By the time the group reached the Purdue administration building, the rain had picked up and the throng was thinned by the weather, but a couple dozen protesters marched to the president’s office on the second floor, where University Vice President for Public Affairs Julie Griffith heard their concerns.

“Are we perfect? No. Do we try to get better? Yes," Griffith told the group. "We’ll continue to try to do that. It’s important to do that in all of our lives. Again, these are new to me, they are new to the president. We acknowledge them. We’ll work on them.”

That answer, though, didn’t seem to please some of the protestors, some of whom became more vociferous in their arguments and began to raise their voices.

“Racism is a big concern for us in our community here," says Jubin Rahatzad, a Ph.D. student in Curriculum Studies. "And the reason we feel this way is that institutional waffling or silence is complicit in supporting racism. Many of us feel – I feel the same way – we’re very passionate. We’ve had enough.”

Ryesha Jackson, who’s pursuing a bachelor’s degree in health and kinesiology, chided the administration for what she sees as a lack of oversight.

“The fact that you don’t know if there’s an issue in Lafayette, and you don’t know if there’s an issue on campus, until today – until we made it an issue – that makes that very, incredibly unsafe for us,” she says.

But then Purdue Vice Provost for Diversity Christine Taylor stepped out of the crowd that had assembled inside and outside of the president’s office.

“In my role, I don’t want you to think that we are numb to it – I personally can’t be numb to it – I have nephews, I have brothers, I have great-nephews and I have all of you," Taylor said. "We’re not numb to this issue and are beginning to work on this. I applaud you for getting involved in the conversation, because we began this at the very beginning of the semester because, not knowing how it was going to go, but recognizing it was a justice issue that wasn’t just about [Michael Brown], but it was a justice issue about everybody in the United States.”

As the conversation progressed, the protestors began to give ever more detailed examples of the racism they feel isn’t addressed. The group’s leader, Anthony Ramos, says it’s not uncommon to have epithets – or worse -- flung from passing vehicles.

“It is known that you have to prep your friends to get used to being screamed at from cars, to get used to get thrown at you. I had a banana thrown at me once," Ramos says. "I don’t know how many times I’ve been cursed at. That’s just from the car; that’s what they do when they’re driving by in the car.”

“Those situations, whether they be in West Lafayette or anywhere in this country, are definitely intolerable,” West Lafayette Mayor John Dennis says. He says the city convenes a Human Relations Commission to deal with issues of discrimination of any sort. But he says it’s not a group that fields many complaints.

“To be completely honest, we really haven’t had that high volume of complaints. We’ve had in my tenure here, and I’m about ready to start my eighth year, we’ve only had about a handful of complaints.”

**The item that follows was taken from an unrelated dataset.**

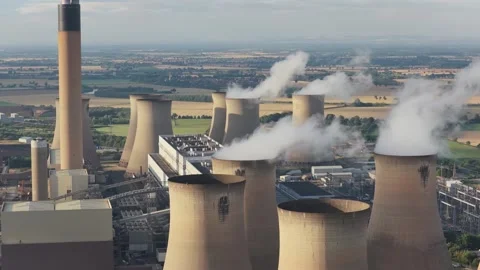 Drax Power Station Producing Steam From Cooling Towers on a Bright Sunny Stock Footage 343884663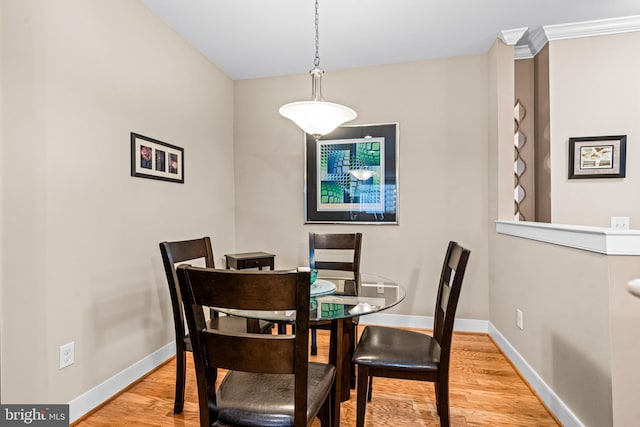 dining space with baseboards and wood finished floors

At more than one moment during Monday’s conversation in the president’s office, it felt like the simmering feelings might boil over. But Vice Provost Taylor worked to align herself with the protestors – themselves a multi-racial mixture of members of the community – and to show them she wasn’t immune to the same sorts of behaviors.

“I’m a member of this community as well. I have felt those things. Let’s don’t get it twisted," Taylor said. "Just because I work in Hovde [Hall], that means nothing. Because in Lafayette and West Lafayette, I’m black.”

Purdue President Mitch Daniels was on campus, but not in his office when the protestors arrived. Griffith and Taylor did promise to bring the marchers’ complaints to him.